TASK TO CARRY OUT —
Retype, word for word, only the lines from the one containing "Paneer and Spinach" through the last line of the listing below. Pictures do not belong in the result.
++++ DATA TO USE ++++
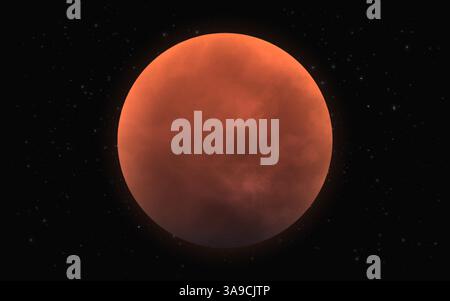 Mars planet. Space object with soft light on starry background. Red planet of solar system with surface in cosmos. Cosmic design for banner, flyer or Stock Vector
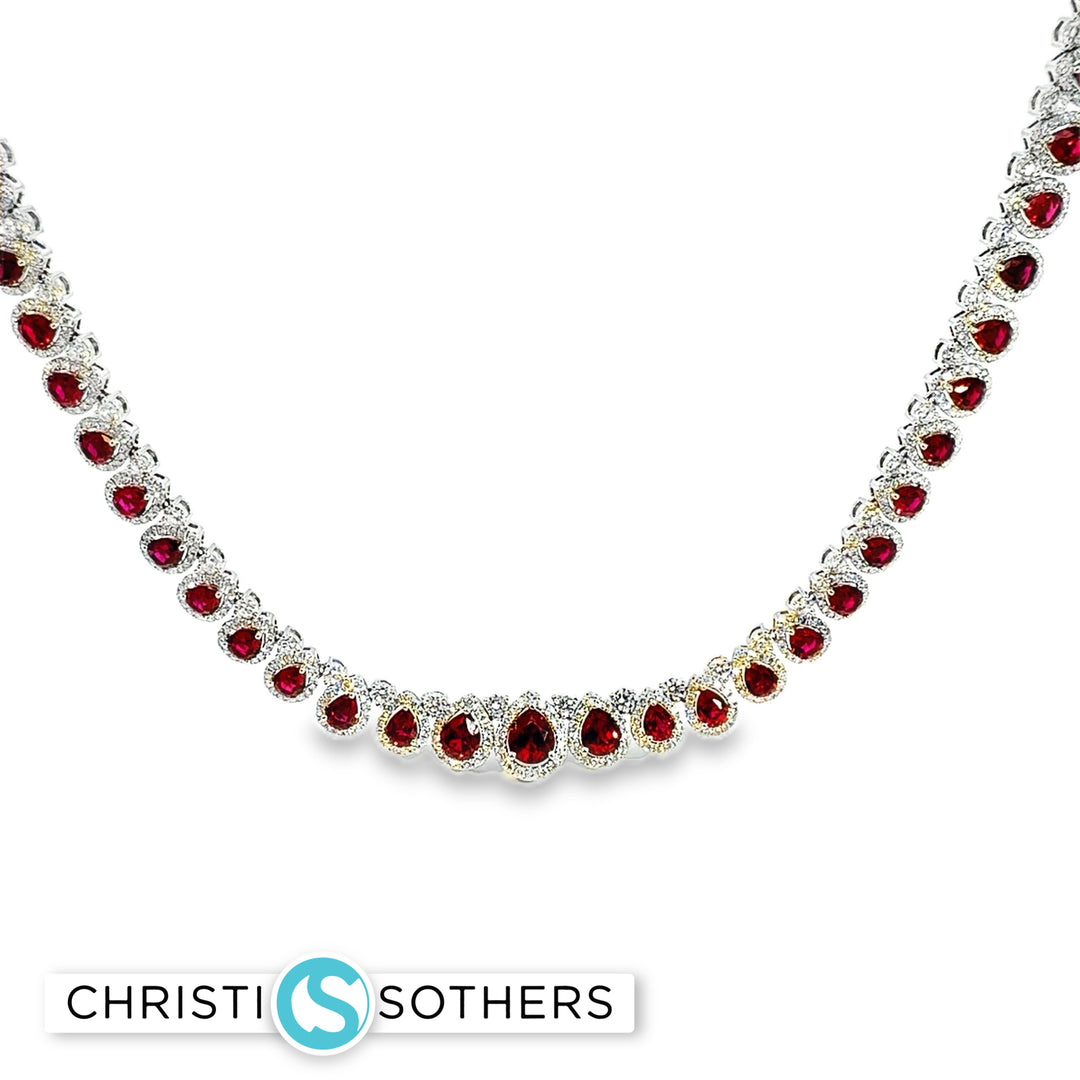 18KT White Gold Vibrant Pear Ruby & Diamond Pear Necklace
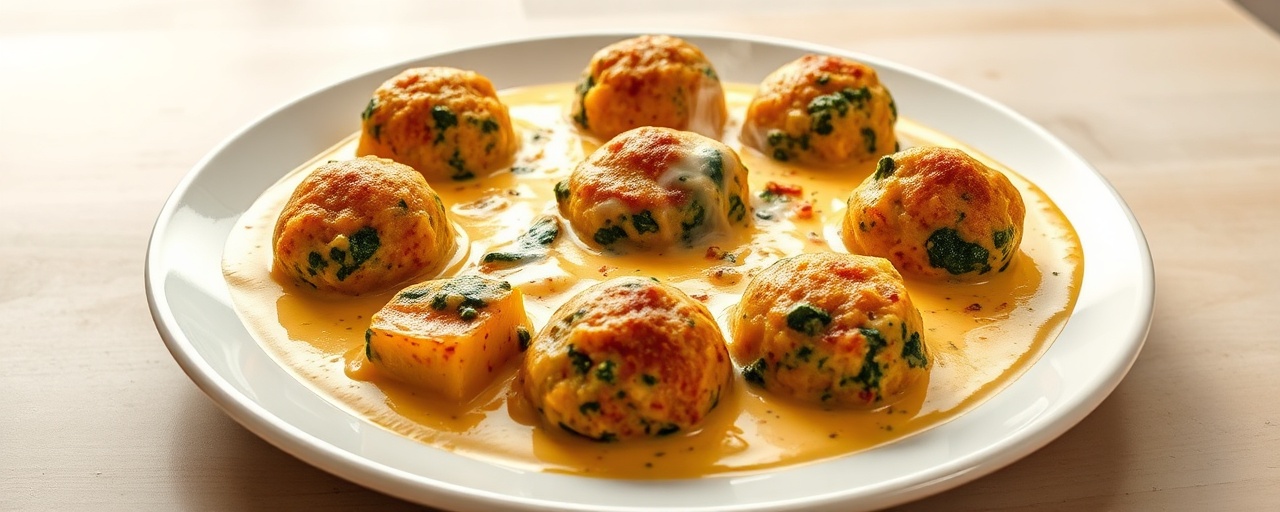 Paneer and Spinach Kofta in Saffron Cream Sauce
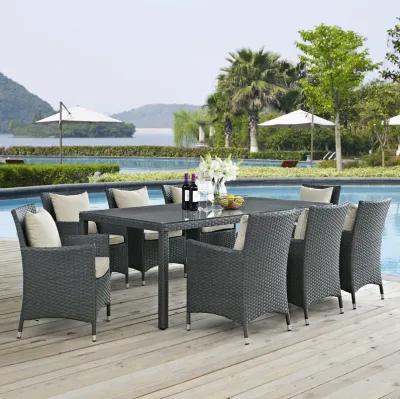 Sojourn 9 Piece Outdoor Patio Sunbrella® Dining Set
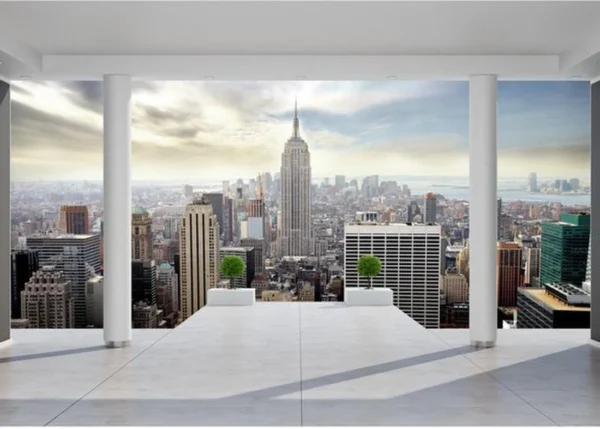 Unyqoos® Groot vliesfotobehang met New York balkon voor moderne woonkamer decoratie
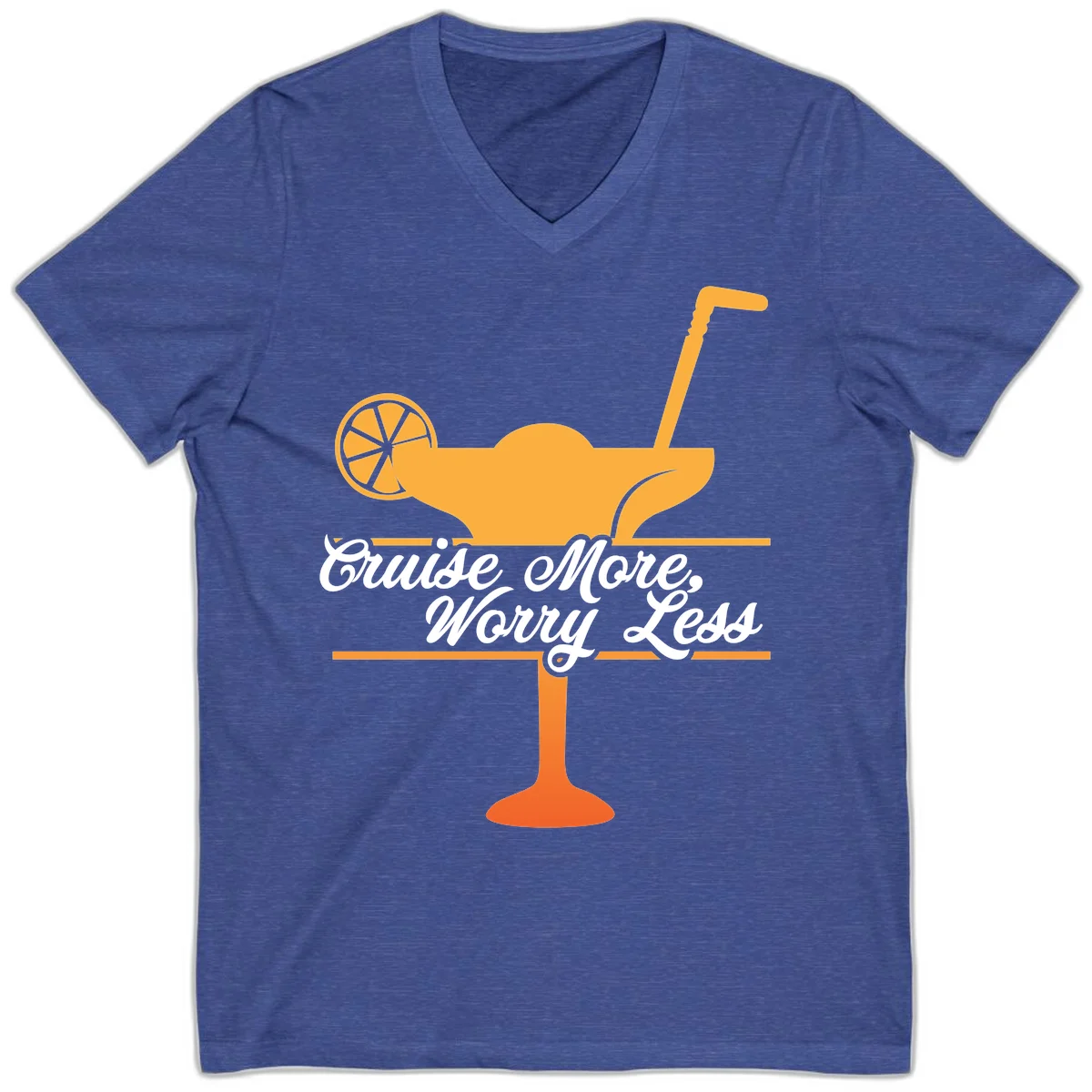Cruise More, Worry Less V-Neck Tee in Heather True Royal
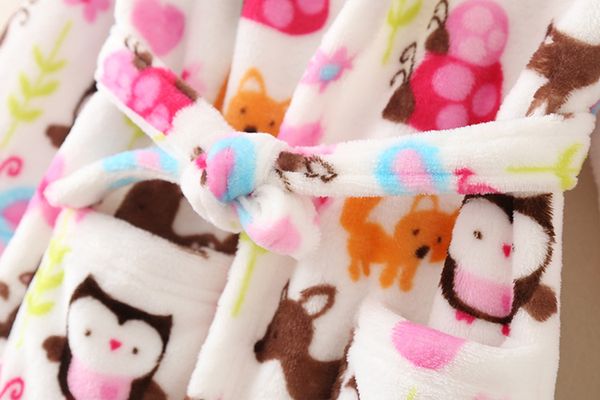 

new autumn winter children flannel bathrobes nightwear boys pajamas hooded bathrobe soft bath robe cute girls robe homewear dot, Blue;red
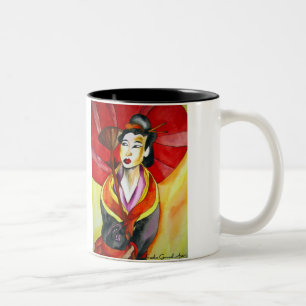 Tasse 2 Couleurs peinture originale d'aquarelle japonaise Geisha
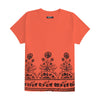 Women Floral Printed Tee Shirt - Orange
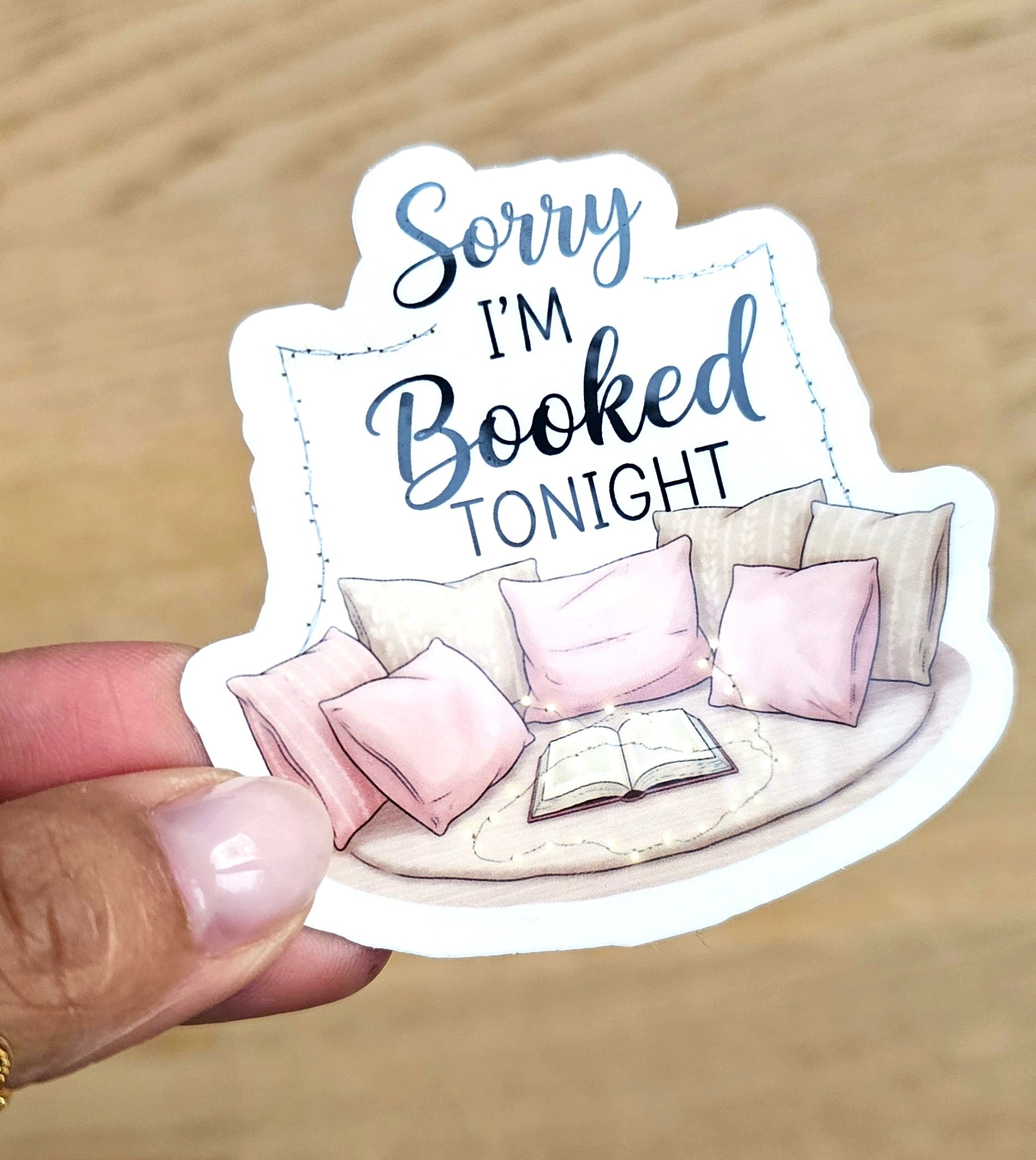 Sticker Sorry I'm Booked Tonight - Ambiance lecture cosy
++++
SOLUTION —
 Paneer and Spinach Kofta in Saffron Cream Sauce
 Sojourn 9 Piece Outdoor Patio Sunbrella® Dining Set
 Unyqoos® Groot vliesfotobehang met New York balkon voor moderne woonkamer decoratie
Cruise More, Worry Less V-Neck Tee in Heather True Royal

new autumn winter children flannel bathrobes nightwear boys pajamas hooded bathrobe soft bath robe cute girls robe homewear dot, Blue;red
 Tasse 2 Couleurs peinture originale d'aquarelle japonaise Geisha
 Women Floral Printed Tee Shirt - Orange
 Sticker Sorry I'm Booked Tonight - Ambiance lecture cosy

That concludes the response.